From molten flax to molasses,....

Some poems, like "Dark Night", feel timeless. Here the poet epitomizes the traveller as observer and recorder of stories. Through the use of a more traditional narrative structure, Sanger achieves just the right cadence to give us the illusion that we are walking through a story told to a traveller, while the images of the story stream by in an almost kinetic fashion. We feel as overwhelmed by the saturated history of the place as the poet does.
Interestingly enough, it is in "Odysseus and Calypso", inspired by a Max Beckmann painting, that Sanger speaks most eloquently about the Mediterranean landscape and its particular magic. Perhaps because of the jaggedness and frequent juxtaposition of visual elements in expressionist painting, the poetic images they inspire in Sanger come through with unusual dynamism. One wishes there were more of this in Shadow Cabinet, that the constraints imposed by such perfect poetic form weren't so binding. It is a struggle that all good poets must constantly engage in: freedom of the imagination versus beauty of form.

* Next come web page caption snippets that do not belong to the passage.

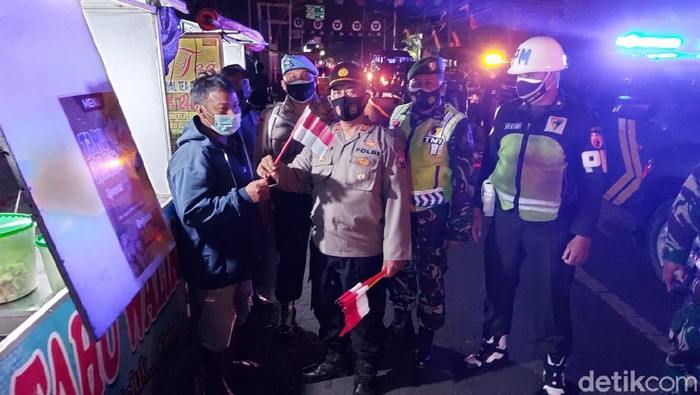 Para pedagang kaki lima (PKL) di Jombang kompak mengibarkan bendera merah putih. Aksi para pedagang ini sebagai simbol semangat mereka untuk melawan pandemi COVID-19.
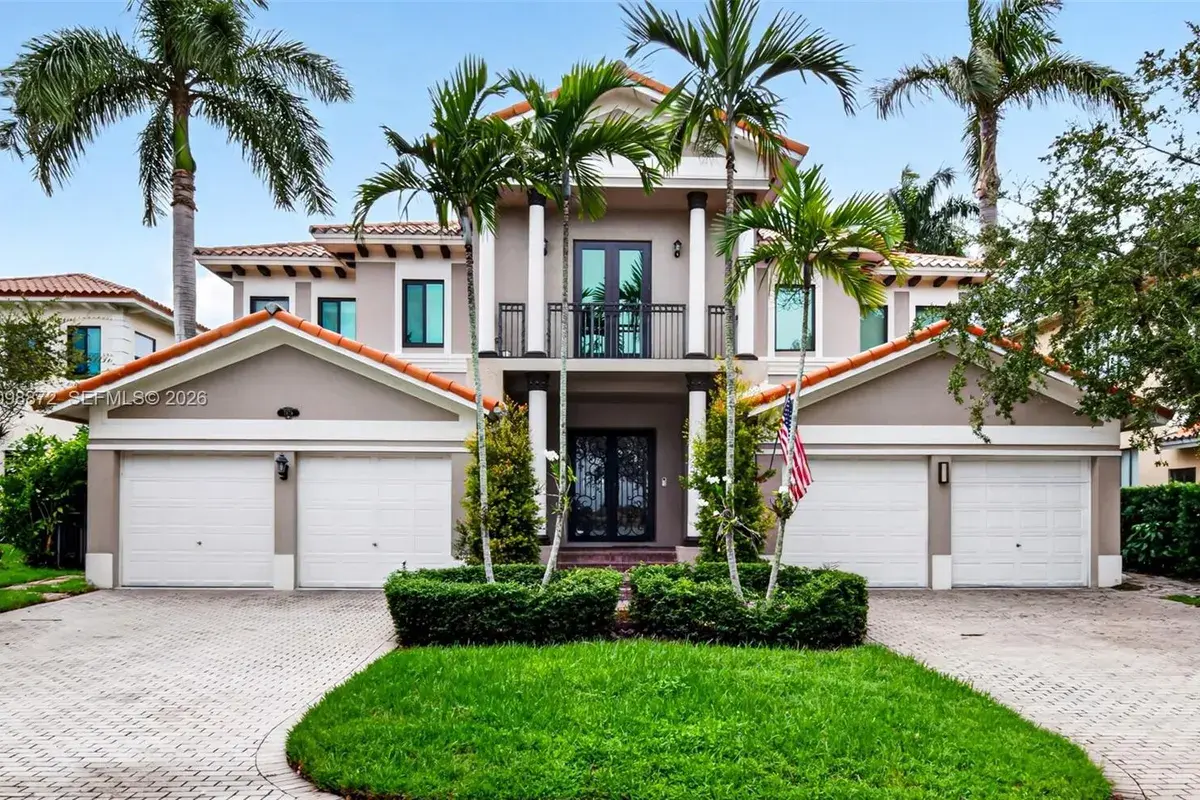 7876 SW 194th St, Cutler Bay FL 33157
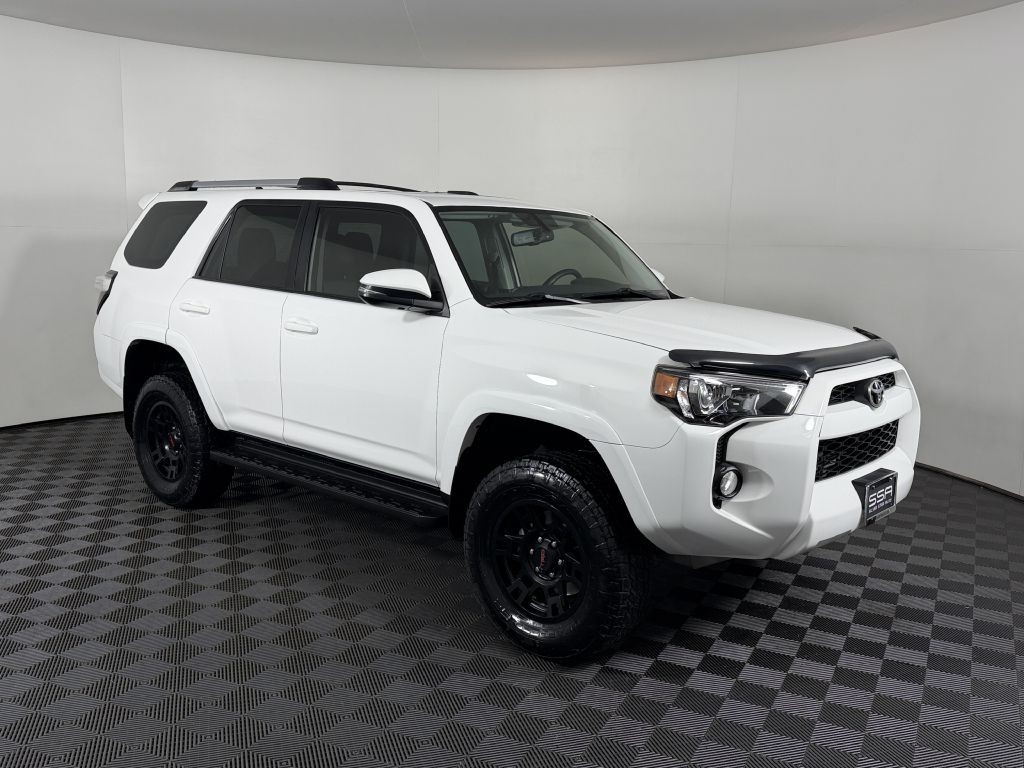 2015 Toyota 4Runner Image 4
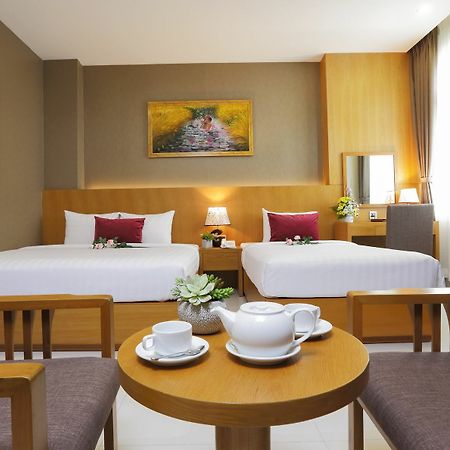Golda Hotel Хошимін Екстер'єр фото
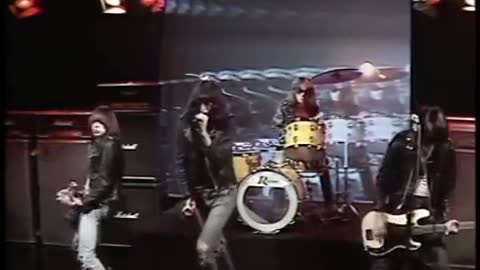 Ramones - Sheena Is A Punk Rocker
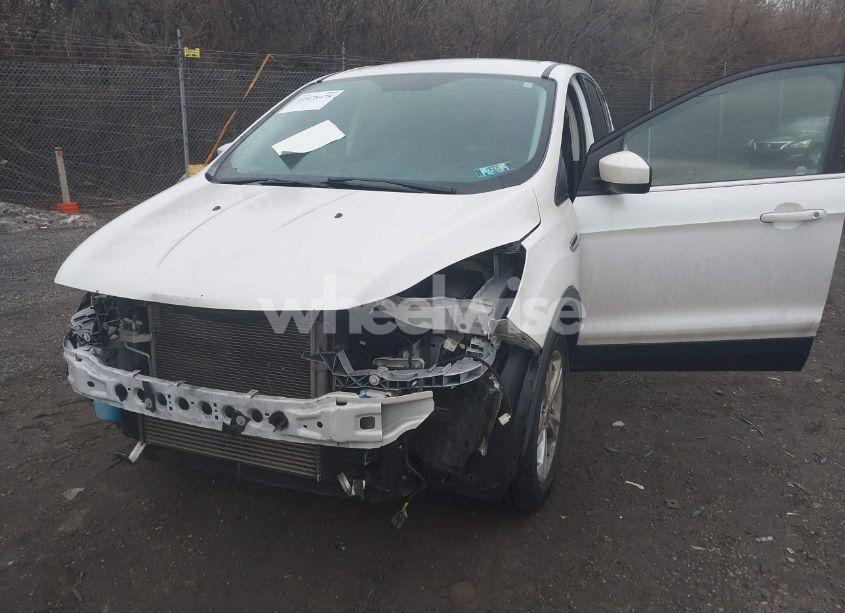 Photo 12 of 2016 Ford Escape SE (VIN 1FMCU9GX8GUA25591)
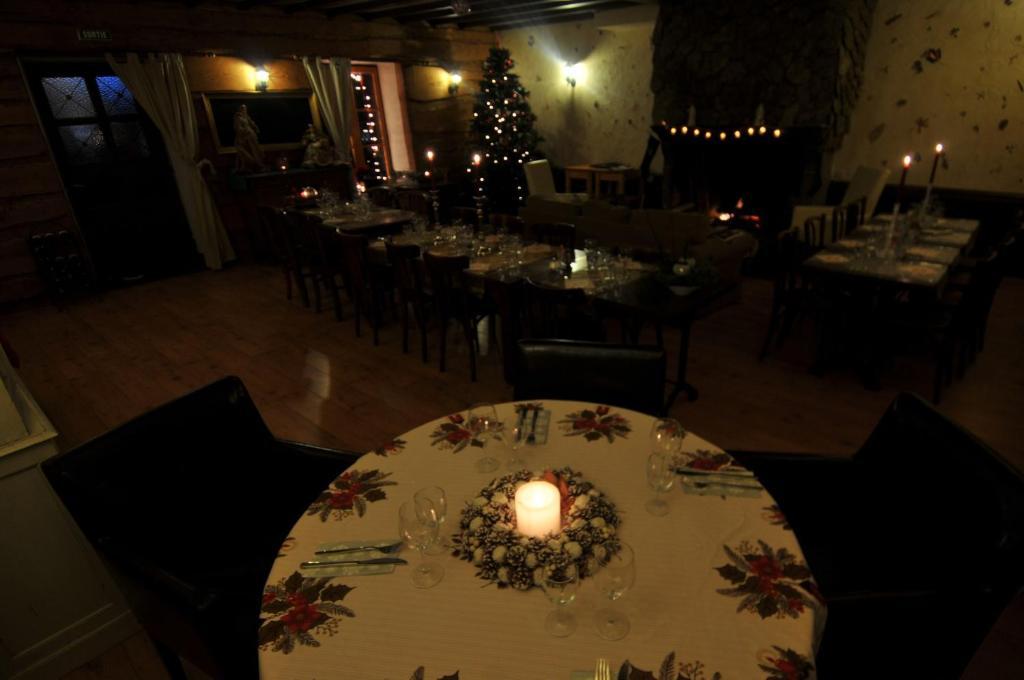 Auberge De La Providence Saint-Donat Exterior foto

Which brings us to "Talk of Statues", the fourth section of the book. There is an attempt at expressing the frequent stillness of physical reality as captured by the human gaze. The problem is one of degree. One can't help but feel that in Shadow Cabinet's final poems the poet has gone too far. These poems are almost too still, static even. Beauty of form has become the chief stumbling-block preventing emotion to flow out and touch the reader: the poem can't transcend being a mere decorative object. This fact notwithstanding, Shadow Cabinet signals that a poet of unusual talent and poetic maturity has come into the fold and Canadian poetry is all the richer for it.

 Beatriz Zeller has translated (with an introduction) The Invisible Presence: Sixteen Poets of Spanish America, 1925-1995, poems selected by Ludwig Zeller (Mosaic).